Love unconditionally. That means you endure – even if your spouse cheats on you, even if she’s anorexic, or depressed, or he steals $2.1 million. You are one. Just love; in spite of the failings, you are called to love.


But, we are a throw away culture. We bail out when things get tough, when we don’t feel “happy” or “fulfilled”. We set expectations for others, yet want a free ride for ourselves.


God loves each and every one of us. We are precious in His sight. He loves the lame, the autistic, the rapist, the terrorist. He loves us even when we are nothing but self-centered, vicious bastards.


When we profess love for another we need to mean it. Look past the blemishes, the quirks, the sins.


1 John 4 describes in simple, beautiful words, our obligation.

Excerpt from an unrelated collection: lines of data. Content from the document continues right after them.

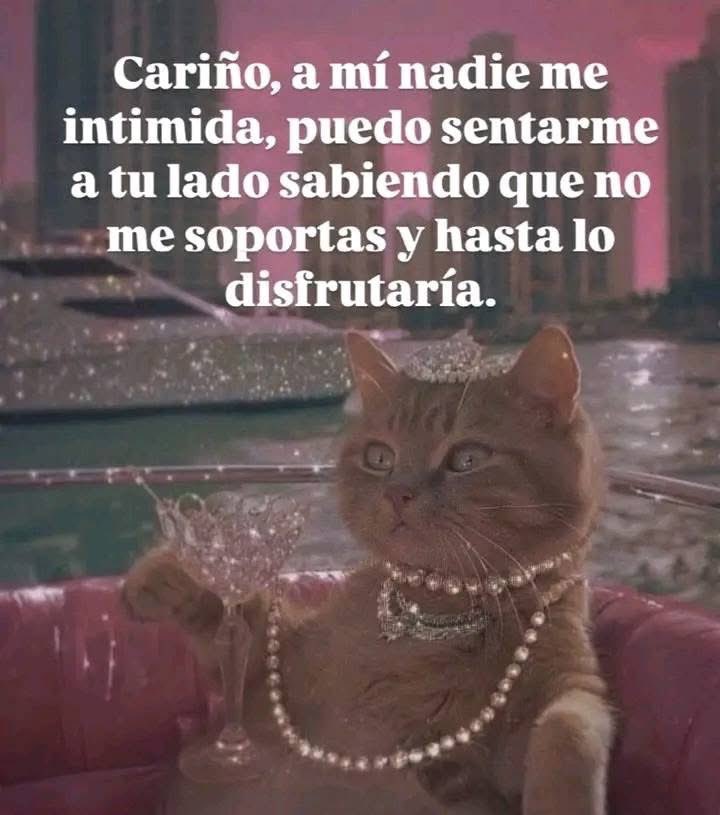 Halomari's tweet image. Attn: Capri 😘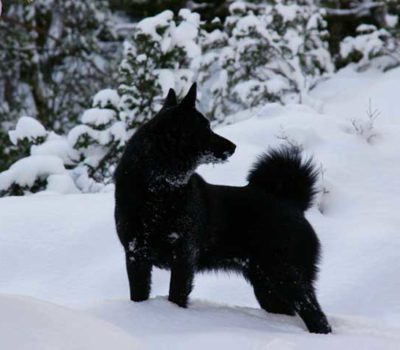 Black Norwegian Elkhound,Norsk Elghund Sort, Norsk Elghund Black, Black Elkhound, Norwegian Moose Dog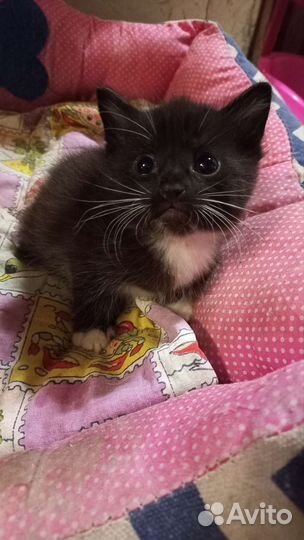 Кошки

“We love, because He first loved us. If someone says ‘I Love God’ and hates his brother, he is a liar; for if you hate your brother who you see, you cannot love God, who is not seen.”


In spite of the divorce, I love my ex. I may never see her again. That’s OK. I pray for her and our sons daily. Who would have thought prison could teach you anything about love.

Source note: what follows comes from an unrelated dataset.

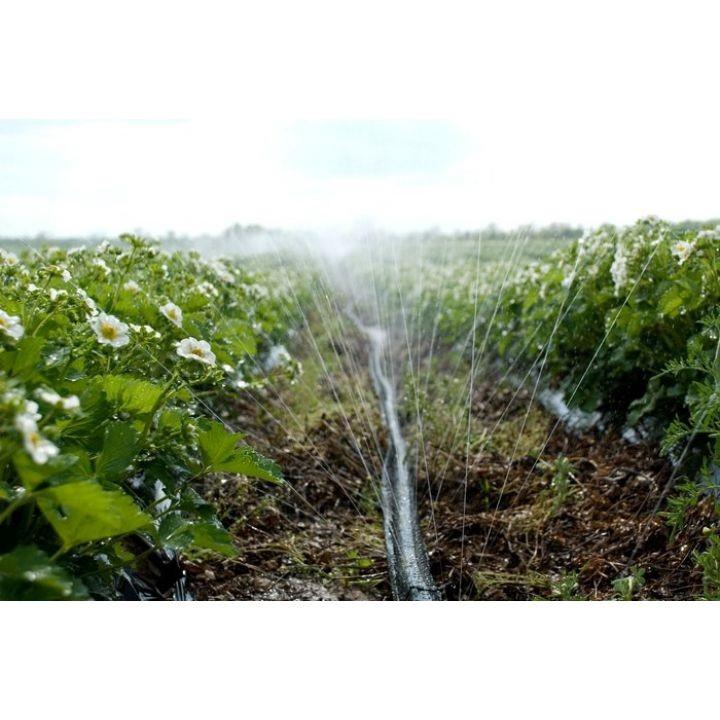 Dây tưới phun mưa phi 34mm 150M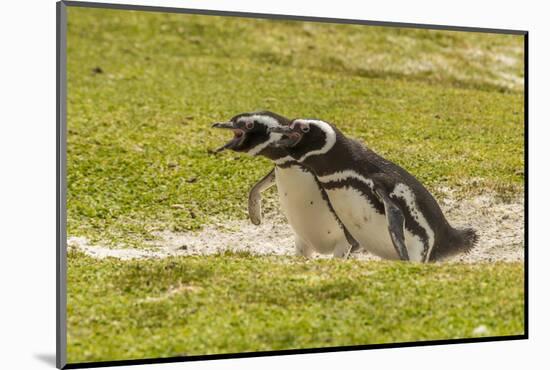 Falkland Islands, East Falkland. Magellanic Penguins Braying-Cathy & Gordon Illg-Mounted Photographic Print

Somewhere up above, John Lennon’s singing. Perhaps he really was right – all you need is love.


I learned my favorite blog critic -“Dan” responded – again – to my “Dee” posting.

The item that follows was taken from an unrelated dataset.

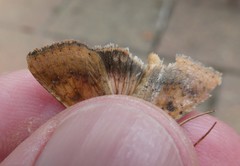 Helicoverpa armigera conferta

Dan – you’re a bright young man. Re-read the blog (s). From day 1, I accepted full responsibility. Do I think I didn’t deserve prison? No. Do I think my sentence was just? No. Do I think the criminal justice system is corrupt, broken, and lacking justice? Yes.


As for “Dee” – he was definitely guilty. But, as I pointed out in my blog. HSC had a choice. They could have done the merciful thing; they could have done the “Christian” thing, and made a difference in that man’s life. They chose otherwise.


You argue just like my oldest son!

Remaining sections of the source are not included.